Not long after their 85 year anniversary I’m having a look into how Lego can impact on early learners, the question being; does the creative block assembling game really help with child development?
In 1932 did Ole Kirk Kristiansen, a carpenter from Denmark, know of the influence on the future his first wooden Lego toy would have?
From my research I have found that multiple new skills are developed by children whilst building with the miniature blocks.
One clear example being creativity, the ability to use your imagination by constructing a vehicle, a building and now-a-days even a working robot.
By getting this part of the brain working at such a young age it helps with countless things in the future, like something as simple as being able to dress themselves independently.
Another key skill LEGO helps ignite in youngsters is Distraction. When something helps take our minds off one thing and on to another.
Whether it be a distraction from school or potential problems at home, Lego offers a child a place to escape – to their imagination. This closely links to the idea of creativity outlined above.
The child can get away from all external influences and ‘lose themselves’ in the world of Lego, as a vet treating dogs, or a firefighter tackling fires.
Whatever their quick learning minds can think of, Lego offers them a distraction from everything else through play!
With social media constantly growing, I believe this aspect of being able to ignore possible negatives things and focus on something else is a great attribute to have.
Another thing this helps with is English in school. I myself enjoyed creative writing and also English Literature, dissecting poems and using your imagination to bring them to life!
You may think play surely can’t help with all these life skills, but if you dig deeper into how much thinking children invest into simply placing one rectangle on top of another you begin to realise they are unlocking parts of their brain they have never used.
Personally, as a child, I would always keep my Lego builds symmetrical. This is the first memory I have of wanting something to look ‘good’, it always added to the fun. This makes me think Lego actually helps develop a sense of aesthetic appreciation.
The ability to appreciate excellence and beauty is an aspect we use every day!
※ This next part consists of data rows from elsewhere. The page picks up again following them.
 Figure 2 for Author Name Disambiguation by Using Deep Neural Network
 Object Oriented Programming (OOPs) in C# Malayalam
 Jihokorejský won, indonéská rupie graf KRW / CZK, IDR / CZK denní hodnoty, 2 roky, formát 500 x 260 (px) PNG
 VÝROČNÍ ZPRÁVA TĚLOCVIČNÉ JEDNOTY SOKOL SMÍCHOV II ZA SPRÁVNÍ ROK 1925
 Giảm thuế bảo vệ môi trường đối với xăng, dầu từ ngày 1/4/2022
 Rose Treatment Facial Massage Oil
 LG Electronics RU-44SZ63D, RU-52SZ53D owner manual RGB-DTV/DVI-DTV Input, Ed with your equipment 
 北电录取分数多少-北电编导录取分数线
For instance, when deciding on what outfit to wear.
Another admirable skill I believe Lego may ignite in children is a drive for success, with that ‘want’ of the Lego builds to be pleasing to the eye as well as appreciable. Whether it be to do well on sports day, in exams, or to smash an interview, a drive for success can only been seen in a good light.
Both of these skills are amazing attributes to have, not only as a child growing up, but even as an adult.
The last skill that I think is one of, if not the, most important developed by Lego; Resilience.
Resilience is the ability to bounce back, be that from a difficulty or a tough situation.
Now you may be wondering how Lego can help children develop such a skill.
When playing with Lego it’s almost inevitable that, at one point, it will all fall apart and you’ll be left with a pile of multi-coloured blocks scattered all over the floor (usually the reason most of us know the brutal pain of stepping, barefoot, on a unsuspected piece of Lego hidden within a carpet).
This setback I believe triggers the aspect of resilience, seeing hours of work result in a spaceship broken in two with bits and pieces scattered everywhere. Do the children give up and never play with Lego again?
No, they pick up the pieces and go again!
Even though hours of work have been suddenly destroyed from an accidental drop, they can still see past the problem and bounce back from it. This helps them see the best out of a bad situation – yes you’ve invested loads of time into building something, but now you can spend even more time building a bigger and better version!
This skill stays with us throughout our lives.
Whether it be getting poor grades in school and working hard to get better ones, or maybe not getting your dream job but seeing it as a reason to push harder next time.
Even if you are a business owner, do you just leave your business through the bad times? Or do you pick the blocks up, bounce back, and go again – this time with more determination and drive than ever before?